In the following example, the average Sepal.Length
is computed per Species
, but the metadata gets dropped:
tapply(iris.q$Sepal.Length, iris.q$Species, mean)
#> setosa versicolor virginica
#> 5.006 5.936 6.588
Many of these functions include a simplify
parameter which, if set to FALSE
, preserves quantities metadata:
(sepal.length.agg <-
tapply(iris.q$Sepal.Length, iris.q$Species, mean, simplify=FALSE))
#> $setosa
#> 5.0(3) [cm]
#>
#> $versicolor
#> 5.9(3) [cm]
#>
#> $virginica
#> 6.6(3) [cm]
The only drawback is that the result is a list, and such a list must be unlisted with care, otherwise, metadata gets dropped again:
# drops quantities
unlist(sepal.length.agg)
#> setosa versicolor virginica
#> 5.006 5.936 6.588
# preserves quantities
do.call(c, sepal.length.agg)
#> Units: [cm]
#> Errors: 0.2503 0.2968 0.3294
#> setosa versicolor virginica
#> 5.006 5.936 6.588
The by
function is an object-oriented wrapper for tapply
applied to data frames which also provides a simplify
parameter. A more convenient way of working with summary statistics is the aggregate
generic, from the stats
namespace. Although there is a aggregate.data.frame
method, there is a more intuitive interface to it through the aggregate.formula
method. Again, it is necessary to set simplify=FALSE
to keep quantities:
(iris.q.agg <- aggregate(. ~ Species, data = iris.q, mean, simplify=FALSE))
#> Species Sepal.Length Sepal.Width Petal.Length Petal.Width
#> 1 setosa 5.006 3.428 1.462 0.246
#> 2 versicolor 5.936 2.77 4.26 1.326
#> 3 virginica 6.588 2.974 5.552 2.026
Apparently, the output has no metadata associated, but what really happens is that the resulting columns are lists:
Therefore, as in the tapply
/by
case, they must be unlisted with care to still preserve the metadata:
unlist_quantities <- function(x) {
stopifnot(is.list(x) || is.data.frame(x))
unlist <- function(x) {
if (any(class(x[[1]]) %in% c("quantities", "units", "errors")))
do.call(c, x)
else x
}
if (is.data.frame(x))
as.data.frame(lapply(x, unlist), col.names=colnames(x))
else unlist(x)
}
unlist_quantities(iris.q.agg)
#> Species Sepal.Length Sepal.Width Petal.Length Petal.Width
#> 1 setosa 5.0(3) [cm] 3.4(2) [cm] 1.46(7) [cm] 0.25(1) [cm]
#> 2 versicolor 5.9(3) [cm] 2.8(1) [cm] 4.3(2) [cm] 1.33(7) [cm]

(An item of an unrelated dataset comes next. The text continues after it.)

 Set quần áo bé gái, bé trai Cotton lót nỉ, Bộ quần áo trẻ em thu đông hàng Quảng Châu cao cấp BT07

#> 3 virginica 6.6(3) [cm] 3.0(1) [cm] 5.6(3) [cm] 2.0(1) [cm]
And this method works for the tapply
/by
case too:
Joining data frames by common columns can done with the merge
generic. Such operations are based on appending columns, which may be subset or replicated to fit the length of the merged observations. Therefore, quantities should be preserved in all cases. In the following example, we generate a data frame with the height per species and then merge it with the main data set:
height <- data.frame(
Height = set_quantities(c(55, 60, 45), cm, c(45, 30, 35)),
Species = c("setosa", "virginica", "versicolor")
)
head(merge(iris.q, height))
#> Species Sepal.Length Sepal.Width Petal.Length Petal.Width Height
#> 1 setosa 5.1(3) [cm] 3.5(2) [cm] 1.40(7) [cm] 0.20(1) [cm] 60(40) [cm]

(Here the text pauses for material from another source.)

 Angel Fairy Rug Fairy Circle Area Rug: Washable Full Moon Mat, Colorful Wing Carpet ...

#> 2 setosa 4.9(2) [cm] 3.0(2) [cm] 1.40(7) [cm] 0.20(1) [cm] 60(40) [cm]
#> 3 setosa 4.7(2) [cm] 3.2(2) [cm] 1.30(6) [cm] 0.20(1) [cm] 60(40) [cm]

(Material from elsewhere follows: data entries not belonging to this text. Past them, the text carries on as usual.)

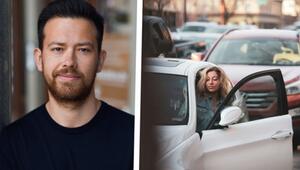 Oliver Mackprang, CEO von Miles (links), eine Frau steigt in ein weißes Auto (rechts)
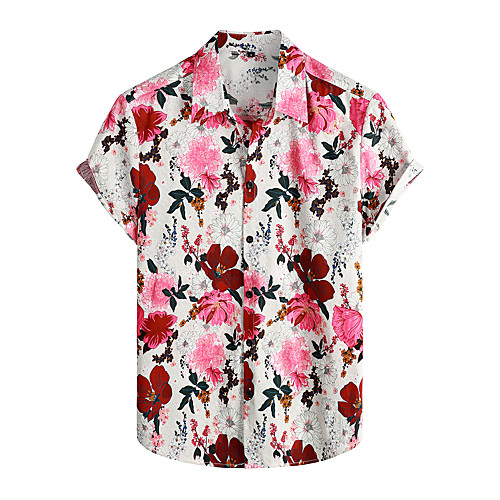 

Men's Shirt Floral Short Sleeve Daily Tops 100% Cotton Basic Boho Red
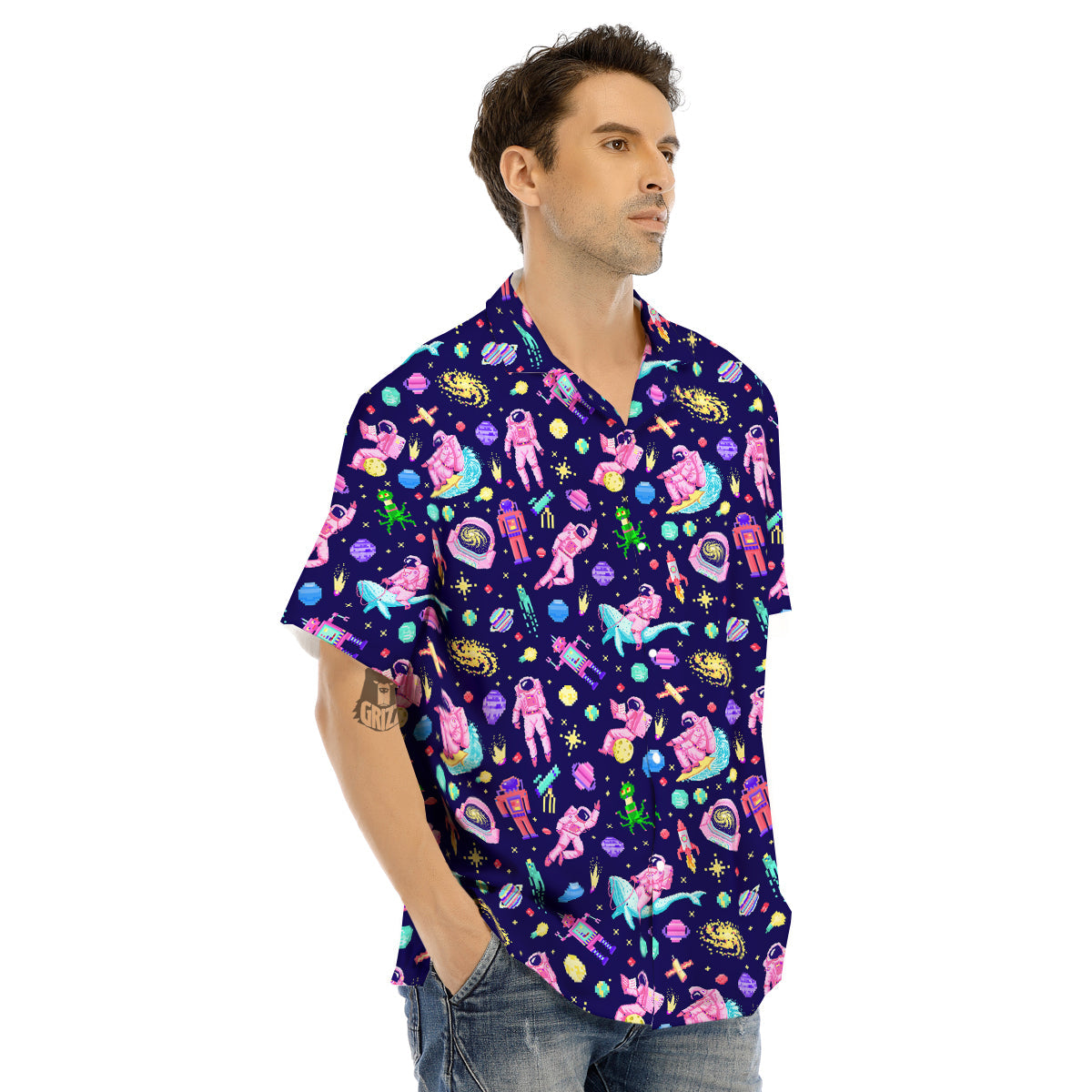 Space Astronaut 8 Bit Print Pattern Men's Hawaiian Shirt-grizzshop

#> 4 setosa 4.6(2) [cm] 3.1(2) [cm] 1.50(8) [cm] 0.20(1) [cm] 60(40) [cm]
#> 5 setosa 5.0(2) [cm] 3.6(2) [cm] 1.40(7) [cm] 0.20(1) [cm] 60(40) [cm]
#> 6 setosa 5.4(3) [cm] 3.9(2) [cm] 1.70(8) [cm] 0.40(2) [cm] 60(40) [cm]
The reshape
function, from the stats
namespace, provides an interface for both pivoting and unpivoting (i.e., tidyfying data). In the case of the iris
data set, we would say that it is in the wide format, because each row has more than one observation.
This function has a quite peculiar nomenclature. First of all, the unpivoting operation is accessed by providing the argument direction="long"
. We need to define the varying
columns (columns to unpivot), as character or indices, and they are unpivoted based on their names. By default, the separator sep="."
is used, which means that Sepal.Width
will be broken down into Sepal
and Width
, and the former will be unpivoted with the latter as grouping variable. We can specify the name of the grouping variable with the timevar
argument.
Putting everything together, this is how to unpivot the data set by the dimension (which we will call it dim
) of the petal/sepal:
long.1 <- reshape(iris.q, varying=1:4, timevar="dim", idvar="dim.id", direction="long")
head(long.1)
#> Species dim Sepal Petal dim.id
#> 1.Length setosa Length 5.1(3) [cm] 1.40(7) [cm] 1
#> 2.Length setosa Length 4.9(2) [cm] 1.40(7) [cm] 2
#> 3.Length setosa Length 4.7(2) [cm] 1.30(6) [cm] 3
#> 4.Length setosa Length 4.6(2) [cm] 1.50(8) [cm] 4
#> 5.Length setosa Length 5.0(2) [cm] 1.40(7) [cm] 5
#> 6.Length setosa Length 5.4(3) [cm] 1.70(8) [cm] 6
It can be noted that the unpivoting also generates an index to indentify multiple records from the same group. We have changed the name of that identifier to dim.id
(just id
by default).
We can further unpivot sepal and petal as the part
of the flower. First, we need to prepend a common identifier to columns 3 and 4, which are to be unpivoted:
names(long.1)[3:4] <- paste0("value.", names(long.1)[3:4])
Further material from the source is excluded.